I saw this on the NEMBA forum and though it sounded like fun.


Come on out for a great time! This is a really low key event. Last year's event brought out the full spectrum of competitors. Most were just out for a good time. Some borrowed bikes when they got there, some appeared to have never had ridden before, and a few were out to put it down. At the end of the day, everyone had a great time! Come on out and ride with us. No need to be nervous, this is just about the fun! And spectating is a fine option too. Hope to see you on the 13th!

Below are the details....
-------------------------

On the ICE of beautiful Lake Congamond.

Race Format: 3 Events Combined
•	Short Track Figure 8 – Individually Timed (3-4 laps)
•	Drag Race – Individually Timed (with a new twist)
•	Closed Course - GP Style Crit (~5-7 laps)

Traction… Traction… Traction…

When:	Saturday Feb 13th
Signup 12-12:30
Racing 1:00

Where: Lake Congamond, Southwick MA. State Boat Ramp on the north end of center pond. Point Grove Road, next to Louie B’s.

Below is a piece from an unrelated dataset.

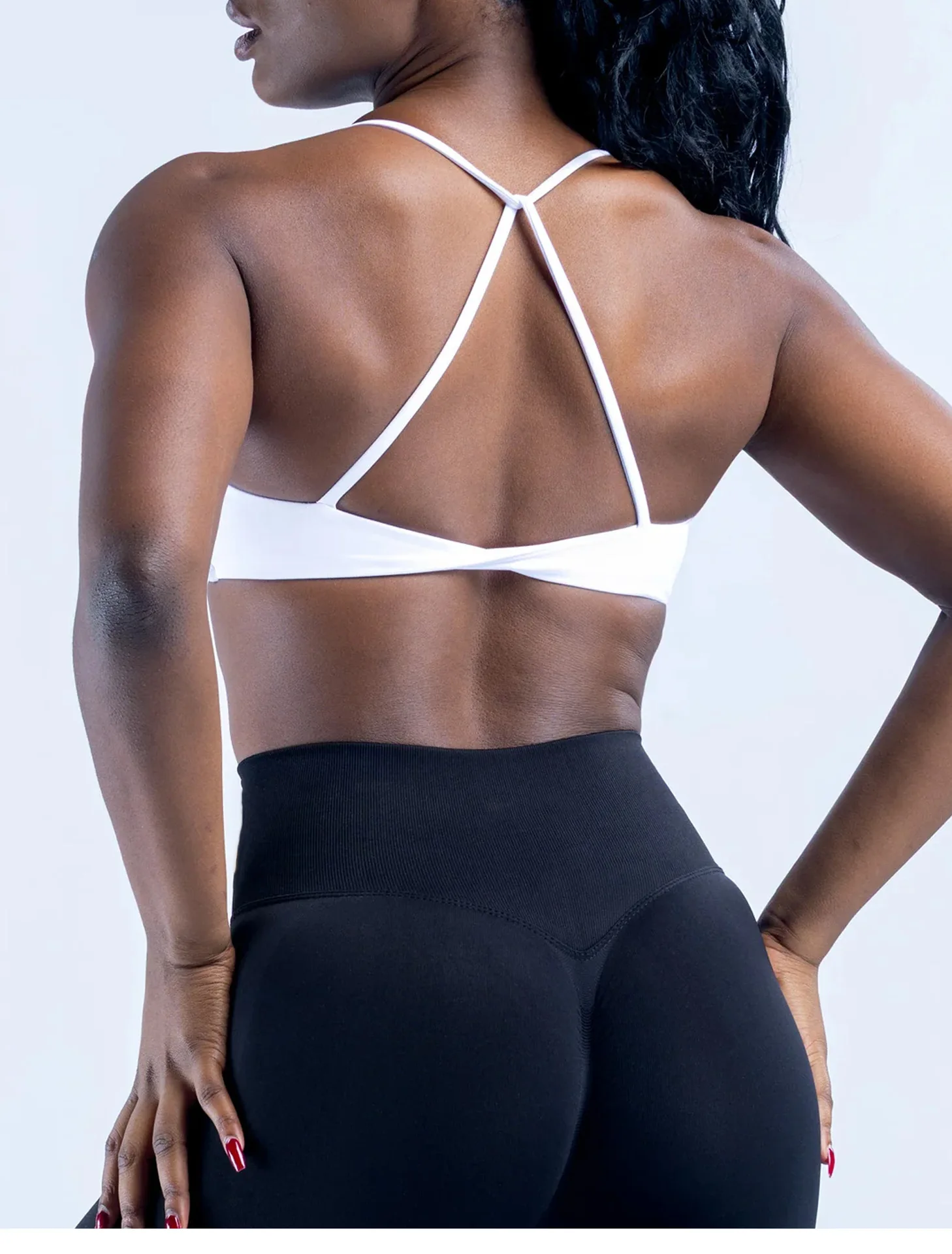 LOGO Seamless Sports Bra Cross Gathering Thin Shoulder Strap Beauty Back Fitness Yoga Training Vest for Women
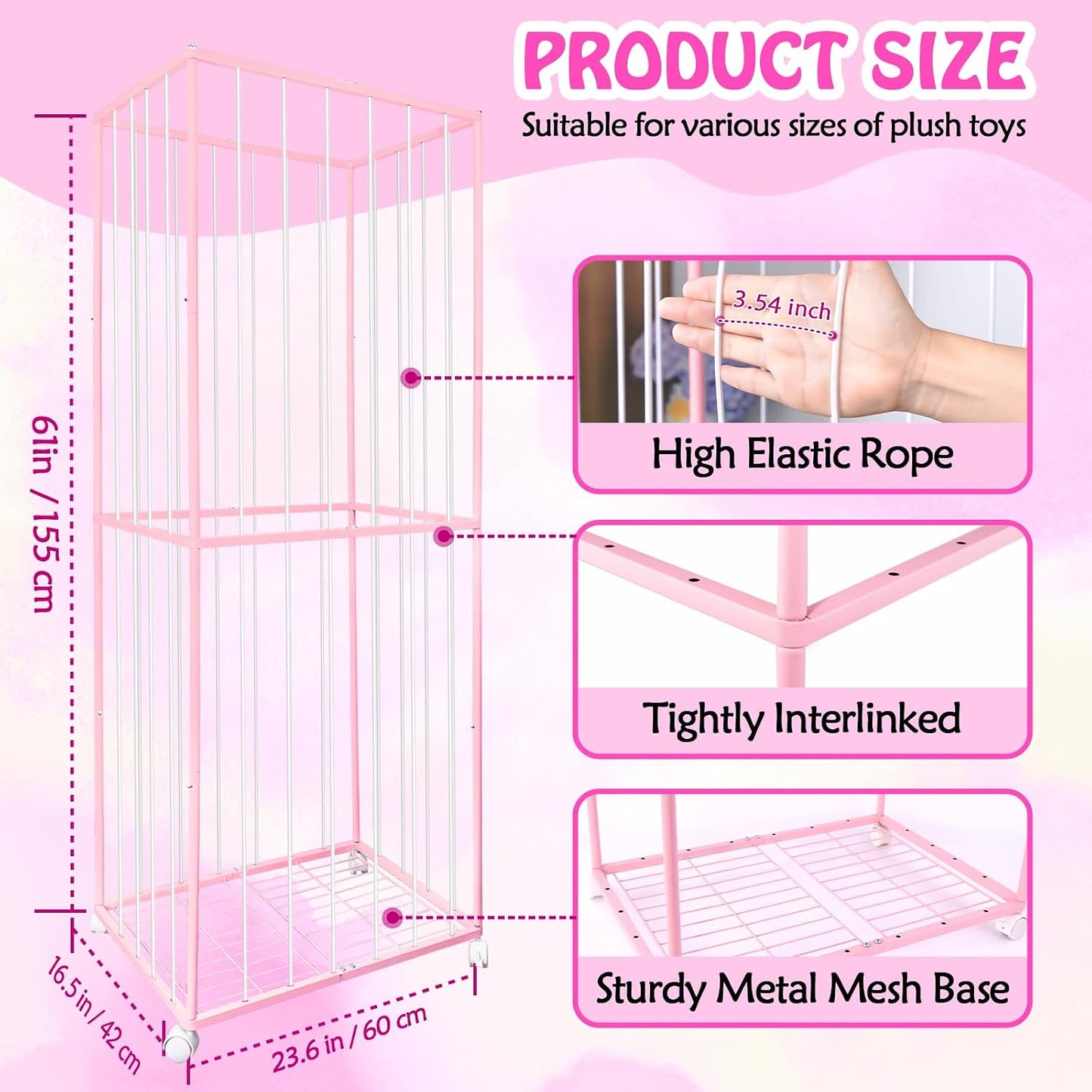 Stuffed Animal Storage, Metal Tube Extra Large Toy Storage Organizer with Brake Wheels, Stuffed Animal Holder Zoo Organizer for Nursery Playroom Kids Room Pink(61” x 23.6”x 16.5”)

Entry Donation: Non-perishable food items to go to the “Parish Cupboard” in West Springfield.

Classifications:
•	 Kids
•	 Women’s
•	“Double-Runners” (Beg/Sport)
•	“Speed-Skates” (Top Sport/Expert).
On your honor, no sand-bagging.

Prizes: This year we will be presenting “trophies” to the top three in each classification..

Racing Tire Guidelines: Anything goes!!! Home-made… Store bought… Stolen… Whatever makes you go fast.



****** HELMETS REQUIRED ******

****** Pads strongly recommended!!! ******
Elbows, knees, and more…


----------